Excerpted data ->
◆ ◆ ◆ ◆ ◆ ◆ ◆
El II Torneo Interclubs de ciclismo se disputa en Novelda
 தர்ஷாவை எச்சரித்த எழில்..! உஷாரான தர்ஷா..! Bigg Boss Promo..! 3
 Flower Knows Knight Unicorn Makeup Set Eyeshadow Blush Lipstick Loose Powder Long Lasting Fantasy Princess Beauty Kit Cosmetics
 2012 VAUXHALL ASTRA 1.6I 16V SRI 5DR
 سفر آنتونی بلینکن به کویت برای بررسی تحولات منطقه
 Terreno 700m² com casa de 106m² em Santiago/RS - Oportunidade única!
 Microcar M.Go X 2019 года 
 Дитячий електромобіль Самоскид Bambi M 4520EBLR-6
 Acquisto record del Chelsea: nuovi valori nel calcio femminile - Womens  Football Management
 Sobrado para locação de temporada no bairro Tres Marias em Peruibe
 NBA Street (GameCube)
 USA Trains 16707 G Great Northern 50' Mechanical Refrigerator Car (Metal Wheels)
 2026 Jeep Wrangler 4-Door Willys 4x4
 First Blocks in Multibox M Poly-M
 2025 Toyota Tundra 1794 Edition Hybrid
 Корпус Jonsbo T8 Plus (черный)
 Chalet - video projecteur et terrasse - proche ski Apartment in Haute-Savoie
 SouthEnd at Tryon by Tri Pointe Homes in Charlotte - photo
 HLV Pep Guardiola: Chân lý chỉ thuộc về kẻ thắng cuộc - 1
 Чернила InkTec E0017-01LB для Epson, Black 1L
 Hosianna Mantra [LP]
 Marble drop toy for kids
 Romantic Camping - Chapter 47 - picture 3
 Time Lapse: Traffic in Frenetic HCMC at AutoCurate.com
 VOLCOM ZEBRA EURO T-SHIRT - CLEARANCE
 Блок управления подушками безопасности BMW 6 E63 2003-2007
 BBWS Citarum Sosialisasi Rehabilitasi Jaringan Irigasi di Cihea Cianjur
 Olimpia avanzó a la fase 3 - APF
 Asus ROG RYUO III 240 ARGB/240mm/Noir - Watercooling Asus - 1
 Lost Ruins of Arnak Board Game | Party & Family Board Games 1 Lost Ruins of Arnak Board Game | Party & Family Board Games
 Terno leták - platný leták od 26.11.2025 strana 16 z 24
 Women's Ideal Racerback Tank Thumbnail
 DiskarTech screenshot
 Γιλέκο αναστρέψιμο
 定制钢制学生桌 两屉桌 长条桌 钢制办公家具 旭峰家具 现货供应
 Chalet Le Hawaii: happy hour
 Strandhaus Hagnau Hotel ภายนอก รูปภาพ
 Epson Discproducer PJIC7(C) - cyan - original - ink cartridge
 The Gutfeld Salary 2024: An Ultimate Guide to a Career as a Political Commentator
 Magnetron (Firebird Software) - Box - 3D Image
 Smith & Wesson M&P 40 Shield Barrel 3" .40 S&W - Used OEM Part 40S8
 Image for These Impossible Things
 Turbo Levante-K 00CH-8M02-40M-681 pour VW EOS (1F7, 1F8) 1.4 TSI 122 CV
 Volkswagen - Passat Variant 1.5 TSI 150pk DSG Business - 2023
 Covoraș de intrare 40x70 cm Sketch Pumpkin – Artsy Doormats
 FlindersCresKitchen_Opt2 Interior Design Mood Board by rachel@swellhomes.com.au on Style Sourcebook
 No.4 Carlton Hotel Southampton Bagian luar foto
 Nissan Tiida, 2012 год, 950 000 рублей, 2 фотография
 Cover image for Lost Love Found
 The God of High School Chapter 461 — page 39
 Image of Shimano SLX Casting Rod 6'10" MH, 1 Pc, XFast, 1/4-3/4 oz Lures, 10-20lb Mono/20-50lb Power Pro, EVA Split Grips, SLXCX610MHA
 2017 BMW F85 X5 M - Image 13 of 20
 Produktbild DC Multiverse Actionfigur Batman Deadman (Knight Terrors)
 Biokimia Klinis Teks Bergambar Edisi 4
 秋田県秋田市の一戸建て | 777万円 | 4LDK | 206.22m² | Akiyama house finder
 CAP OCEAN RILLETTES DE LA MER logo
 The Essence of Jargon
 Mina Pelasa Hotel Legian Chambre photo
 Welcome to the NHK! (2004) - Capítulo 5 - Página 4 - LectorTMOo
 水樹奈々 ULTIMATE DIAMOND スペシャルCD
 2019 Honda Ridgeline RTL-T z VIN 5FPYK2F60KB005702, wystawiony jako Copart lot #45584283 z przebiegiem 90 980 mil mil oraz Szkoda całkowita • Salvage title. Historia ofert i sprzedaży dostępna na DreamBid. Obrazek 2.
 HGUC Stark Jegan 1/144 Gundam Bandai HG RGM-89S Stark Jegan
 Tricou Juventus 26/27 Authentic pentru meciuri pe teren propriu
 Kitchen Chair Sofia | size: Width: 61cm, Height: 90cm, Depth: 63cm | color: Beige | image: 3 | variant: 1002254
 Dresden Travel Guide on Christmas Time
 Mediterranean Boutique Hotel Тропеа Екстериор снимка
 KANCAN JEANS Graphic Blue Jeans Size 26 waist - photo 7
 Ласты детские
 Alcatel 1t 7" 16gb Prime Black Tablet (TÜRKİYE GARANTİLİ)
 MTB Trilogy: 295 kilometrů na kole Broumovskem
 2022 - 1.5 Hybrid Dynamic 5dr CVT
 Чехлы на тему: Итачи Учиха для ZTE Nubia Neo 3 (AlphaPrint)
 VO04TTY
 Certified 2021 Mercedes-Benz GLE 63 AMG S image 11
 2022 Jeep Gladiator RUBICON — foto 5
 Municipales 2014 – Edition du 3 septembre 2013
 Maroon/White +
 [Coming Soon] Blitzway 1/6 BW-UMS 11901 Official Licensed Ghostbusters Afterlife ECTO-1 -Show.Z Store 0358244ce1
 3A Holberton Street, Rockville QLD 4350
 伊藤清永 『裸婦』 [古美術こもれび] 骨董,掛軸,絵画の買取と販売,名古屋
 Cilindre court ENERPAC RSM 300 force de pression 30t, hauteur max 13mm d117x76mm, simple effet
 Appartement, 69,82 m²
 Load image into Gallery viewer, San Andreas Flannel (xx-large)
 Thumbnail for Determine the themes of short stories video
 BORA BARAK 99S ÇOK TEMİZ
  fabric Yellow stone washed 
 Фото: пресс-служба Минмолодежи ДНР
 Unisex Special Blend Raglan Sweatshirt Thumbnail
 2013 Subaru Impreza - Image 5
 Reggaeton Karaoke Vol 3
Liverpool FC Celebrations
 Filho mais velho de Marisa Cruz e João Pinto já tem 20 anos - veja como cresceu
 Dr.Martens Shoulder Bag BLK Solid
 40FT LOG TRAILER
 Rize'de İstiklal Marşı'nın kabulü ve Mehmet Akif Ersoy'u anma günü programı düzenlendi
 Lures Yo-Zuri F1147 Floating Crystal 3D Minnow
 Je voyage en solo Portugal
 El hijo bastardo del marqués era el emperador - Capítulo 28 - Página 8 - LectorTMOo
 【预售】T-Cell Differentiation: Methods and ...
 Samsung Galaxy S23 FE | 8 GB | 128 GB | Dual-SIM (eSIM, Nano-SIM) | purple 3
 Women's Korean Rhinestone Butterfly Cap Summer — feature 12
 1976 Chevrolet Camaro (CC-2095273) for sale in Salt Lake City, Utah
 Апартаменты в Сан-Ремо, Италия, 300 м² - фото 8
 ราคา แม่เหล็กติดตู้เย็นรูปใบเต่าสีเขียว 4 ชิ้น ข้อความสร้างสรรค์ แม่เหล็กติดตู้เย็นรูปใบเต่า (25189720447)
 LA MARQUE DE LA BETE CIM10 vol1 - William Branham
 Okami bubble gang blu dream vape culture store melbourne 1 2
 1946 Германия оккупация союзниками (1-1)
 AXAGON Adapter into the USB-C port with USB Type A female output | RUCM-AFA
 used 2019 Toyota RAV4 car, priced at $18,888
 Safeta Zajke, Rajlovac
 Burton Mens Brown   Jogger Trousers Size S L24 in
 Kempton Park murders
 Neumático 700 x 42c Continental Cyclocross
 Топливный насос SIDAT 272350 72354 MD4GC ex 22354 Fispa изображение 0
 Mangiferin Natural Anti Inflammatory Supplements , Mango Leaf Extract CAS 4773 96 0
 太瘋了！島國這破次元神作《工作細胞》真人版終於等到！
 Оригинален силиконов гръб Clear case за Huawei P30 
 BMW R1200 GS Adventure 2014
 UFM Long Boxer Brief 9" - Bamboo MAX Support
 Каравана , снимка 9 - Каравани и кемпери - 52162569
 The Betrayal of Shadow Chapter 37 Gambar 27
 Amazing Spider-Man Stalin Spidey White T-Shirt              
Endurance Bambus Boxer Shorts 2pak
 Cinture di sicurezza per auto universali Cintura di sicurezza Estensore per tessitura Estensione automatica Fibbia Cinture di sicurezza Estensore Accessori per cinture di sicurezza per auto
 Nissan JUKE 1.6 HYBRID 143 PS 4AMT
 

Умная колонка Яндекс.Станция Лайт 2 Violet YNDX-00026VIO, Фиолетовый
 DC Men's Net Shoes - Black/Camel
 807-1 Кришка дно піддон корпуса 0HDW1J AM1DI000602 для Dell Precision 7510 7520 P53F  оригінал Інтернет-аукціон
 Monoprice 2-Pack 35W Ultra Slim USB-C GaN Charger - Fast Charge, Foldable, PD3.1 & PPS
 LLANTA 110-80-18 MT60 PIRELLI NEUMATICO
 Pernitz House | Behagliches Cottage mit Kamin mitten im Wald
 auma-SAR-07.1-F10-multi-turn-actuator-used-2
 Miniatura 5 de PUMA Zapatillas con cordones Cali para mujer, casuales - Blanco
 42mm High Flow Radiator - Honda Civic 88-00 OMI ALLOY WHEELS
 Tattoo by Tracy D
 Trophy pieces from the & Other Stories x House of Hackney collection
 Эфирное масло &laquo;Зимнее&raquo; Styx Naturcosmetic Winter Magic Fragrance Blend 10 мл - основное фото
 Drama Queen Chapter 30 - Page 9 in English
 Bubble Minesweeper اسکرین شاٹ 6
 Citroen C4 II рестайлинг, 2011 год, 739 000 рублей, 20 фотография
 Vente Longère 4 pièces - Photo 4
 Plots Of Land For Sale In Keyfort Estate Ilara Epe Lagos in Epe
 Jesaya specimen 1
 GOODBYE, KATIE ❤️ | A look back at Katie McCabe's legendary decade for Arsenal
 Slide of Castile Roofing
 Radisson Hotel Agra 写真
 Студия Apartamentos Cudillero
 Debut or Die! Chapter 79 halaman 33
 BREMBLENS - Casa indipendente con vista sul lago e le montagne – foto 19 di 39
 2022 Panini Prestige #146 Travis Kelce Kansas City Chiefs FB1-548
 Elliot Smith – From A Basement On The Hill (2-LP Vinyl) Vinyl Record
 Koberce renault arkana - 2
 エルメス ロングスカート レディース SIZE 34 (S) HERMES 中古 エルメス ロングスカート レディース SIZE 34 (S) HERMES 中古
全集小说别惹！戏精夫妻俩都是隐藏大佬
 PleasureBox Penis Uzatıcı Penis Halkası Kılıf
◆ ◆ ◆ ◆ ◆ ◆ ◆
Instructions to follow -> From the data above, copy each line that has the string "Jeep".

Solution for this exercise ->
 2026 Jeep Wrangler 4-Door Willys 4x4
 2022 Jeep Gladiator RUBICON — foto 5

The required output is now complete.